» About this exercise:
Repeat each entry exactly.

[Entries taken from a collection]
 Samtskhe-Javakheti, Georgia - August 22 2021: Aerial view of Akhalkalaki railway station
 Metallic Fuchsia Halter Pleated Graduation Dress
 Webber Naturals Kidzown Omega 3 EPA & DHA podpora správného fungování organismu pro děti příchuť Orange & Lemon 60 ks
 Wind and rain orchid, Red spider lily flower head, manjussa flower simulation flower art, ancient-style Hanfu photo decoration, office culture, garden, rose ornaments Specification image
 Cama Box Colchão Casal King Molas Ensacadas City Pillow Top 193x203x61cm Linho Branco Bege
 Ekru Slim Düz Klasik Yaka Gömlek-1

» Answer for the task:
 Samtskhe-Javakheti, Georgia - August 22 2021: Aerial view of Akhalkalaki railway station
 Metallic Fuchsia Halter Pleated Graduation Dress
 Webber Naturals Kidzown Omega 3 EPA & DHA podpora správného fungování organismu pro děti příchuť Orange & Lemon 60 ks
 Wind and rain orchid, Red spider lily flower head, manjussa flower simulation flower art, ancient-style Hanfu photo decoration, office culture, garden, rose ornaments Specification image
 Cama Box Colchão Casal King Molas Ensacadas City Pillow Top 193x203x61cm Linho Branco Bege
 Ekru Slim Düz Klasik Yaka Gömlek-1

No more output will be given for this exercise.